H. Environmental Considerations. Design data should include, as a minimum, the environmental commitments listed in the NEPA compliance document that would affect the design and a brief description of the setting and the resources that would be affected by the proposed visitor center.

The following items should be included:

(1) Cultural (historical, archeological, architectural, and paleontological) resources in the area of the plant.

(2) The need for blending the structure with surroundings. Include reasoning for this suggested handling.

(3) Landscaping and other special environmental requirements.

(4) A brief listing of the area's native and/or commonly used plant materials.

I. Electrical Data. Data listed below will be required to initiate design. The data furnished should be sufficient to permit designers to complete the basic design (single-line diagram) for the visitors’ center. After designs have progressed enough to develop details of electrical system needs, designers will prepare a list of additional data required to complete final design of electrical installation.

(1) Names and telephone numbers of electrical power suppliers and contacts within those organizations.

(2) Location of point where connection to power supply will be made.

(3) System voltage at which power will be supplied, number of phases, and whether service will be overhead or underground.

(4) Discuss requirements for an alternate power source. If an alternate supply is required, indicate:

(a) If required by State or local authority.

(b) If source should be an engine-generator.

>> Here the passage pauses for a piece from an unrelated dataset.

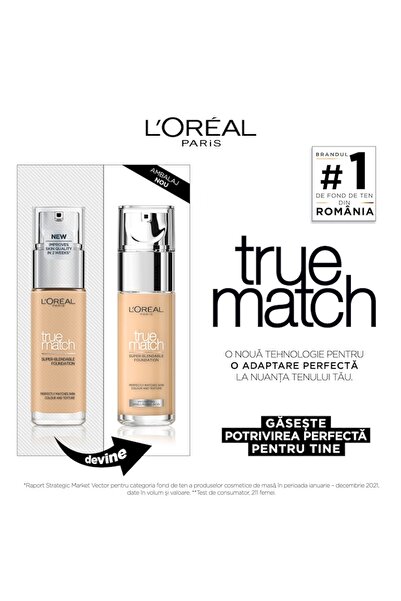 L'Oreal Paris True Match Foundation, Linen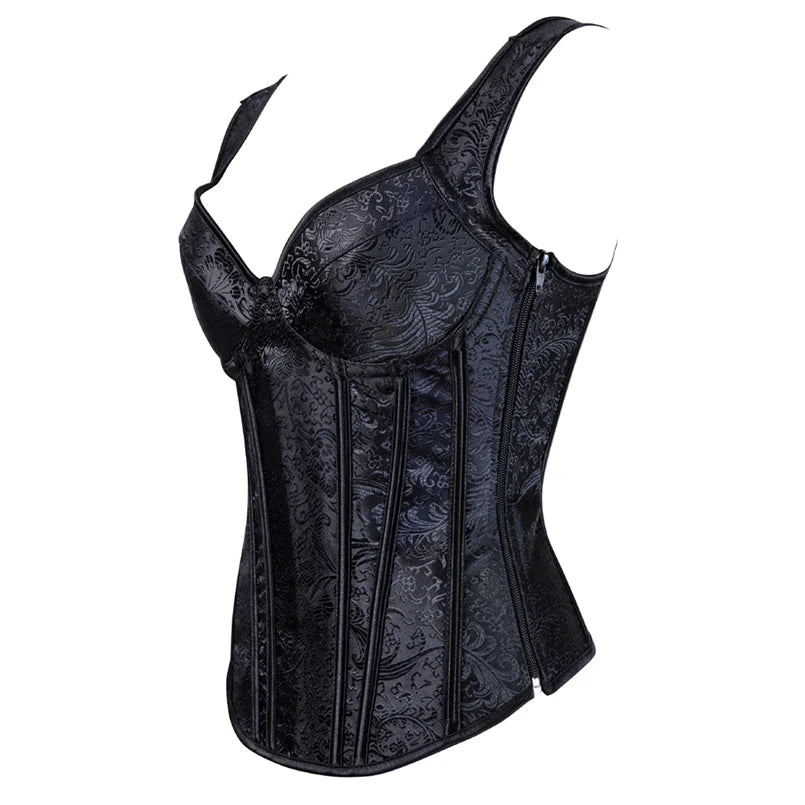 Floral Print Plus-Size Waist Trainer Corset | OWNLUXE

(c) If a threat to life or property will result if normal power supply is lost.

(d) Loads requiring service from alternate source.

(5) Requirements for remote monitoring of conditions at the facility, such as fire protection or security systems. Discuss location of remote station, and items required to be monitored.

J. Miscellaneous Data:

(1) Heating, ventilating, and air-conditioning system requirements. Preference for evaporative cooling or refrigeration cooling for the main plant/building area. Preference for electric or gas heat utilizing propane/natural gas.

(2) Is natural gas available at the site?

(3) Noise restrictions at the site.

(4) Requirements for emergency engine generator set for the plant/building. Systems to be connected to the standby emergency engine generator set.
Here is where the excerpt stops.